> Source records
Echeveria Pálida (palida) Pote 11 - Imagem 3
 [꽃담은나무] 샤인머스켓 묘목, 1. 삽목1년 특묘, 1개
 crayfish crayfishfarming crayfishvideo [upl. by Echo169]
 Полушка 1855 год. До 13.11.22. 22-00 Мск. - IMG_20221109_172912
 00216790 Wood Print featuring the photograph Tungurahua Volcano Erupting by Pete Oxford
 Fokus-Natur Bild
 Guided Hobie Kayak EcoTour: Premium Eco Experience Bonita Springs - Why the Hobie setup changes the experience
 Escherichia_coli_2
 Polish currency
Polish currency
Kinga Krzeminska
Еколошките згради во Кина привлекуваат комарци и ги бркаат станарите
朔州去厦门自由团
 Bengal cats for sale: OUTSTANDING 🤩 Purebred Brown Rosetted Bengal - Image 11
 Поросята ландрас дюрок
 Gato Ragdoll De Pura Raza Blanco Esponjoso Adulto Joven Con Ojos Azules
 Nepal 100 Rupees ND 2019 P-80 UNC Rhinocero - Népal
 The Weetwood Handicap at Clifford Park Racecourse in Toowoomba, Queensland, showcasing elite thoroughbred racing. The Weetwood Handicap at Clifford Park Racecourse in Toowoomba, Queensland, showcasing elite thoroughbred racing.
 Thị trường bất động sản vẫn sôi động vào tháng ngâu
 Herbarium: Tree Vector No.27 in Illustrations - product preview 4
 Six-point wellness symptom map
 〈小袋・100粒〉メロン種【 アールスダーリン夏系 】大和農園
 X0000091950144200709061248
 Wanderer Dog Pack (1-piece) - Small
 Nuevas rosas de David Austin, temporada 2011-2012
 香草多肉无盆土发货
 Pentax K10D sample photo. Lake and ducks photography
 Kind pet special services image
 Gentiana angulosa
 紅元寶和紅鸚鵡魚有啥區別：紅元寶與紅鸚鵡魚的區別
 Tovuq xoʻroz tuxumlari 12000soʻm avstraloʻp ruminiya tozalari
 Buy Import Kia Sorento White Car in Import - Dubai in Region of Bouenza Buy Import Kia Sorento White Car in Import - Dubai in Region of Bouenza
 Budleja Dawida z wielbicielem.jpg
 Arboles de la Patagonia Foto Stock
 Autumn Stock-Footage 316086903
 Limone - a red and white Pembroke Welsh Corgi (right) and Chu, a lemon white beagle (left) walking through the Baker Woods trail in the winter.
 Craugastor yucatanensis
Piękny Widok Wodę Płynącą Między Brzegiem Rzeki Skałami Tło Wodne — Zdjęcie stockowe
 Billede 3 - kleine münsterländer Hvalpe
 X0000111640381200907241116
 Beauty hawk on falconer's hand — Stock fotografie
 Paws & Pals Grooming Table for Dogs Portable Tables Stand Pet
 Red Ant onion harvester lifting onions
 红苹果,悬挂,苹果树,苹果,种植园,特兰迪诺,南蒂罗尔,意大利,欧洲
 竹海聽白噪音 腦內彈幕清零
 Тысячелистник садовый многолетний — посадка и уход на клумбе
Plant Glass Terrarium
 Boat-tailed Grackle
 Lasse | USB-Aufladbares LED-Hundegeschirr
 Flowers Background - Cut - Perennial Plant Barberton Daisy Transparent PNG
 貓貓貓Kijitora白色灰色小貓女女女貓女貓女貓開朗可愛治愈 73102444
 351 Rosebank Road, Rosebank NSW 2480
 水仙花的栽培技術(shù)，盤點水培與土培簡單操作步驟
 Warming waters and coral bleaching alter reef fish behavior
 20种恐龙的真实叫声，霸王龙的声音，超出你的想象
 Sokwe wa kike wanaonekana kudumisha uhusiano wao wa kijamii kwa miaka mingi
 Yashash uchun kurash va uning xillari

> Exercise details
Beginning at the line above that contains "红苹果,悬挂,苹果树,苹果,种植园,特兰迪诺,南蒂罗尔,意大利,欧洲", return each line exactly through the line that contains "Flowers Background - Cut", and no others.

> Exercise result
 红苹果,悬挂,苹果树,苹果,种植园,特兰迪诺,南蒂罗尔,意大利,欧洲
 竹海聽白噪音 腦內彈幕清零
 Тысячелистник садовый многолетний — посадка и уход на клумбе
Plant Glass Terrarium
 Boat-tailed Grackle
 Lasse | USB-Aufladbares LED-Hundegeschirr
 Flowers Background - Cut - Perennial Plant Barberton Daisy Transparent PNG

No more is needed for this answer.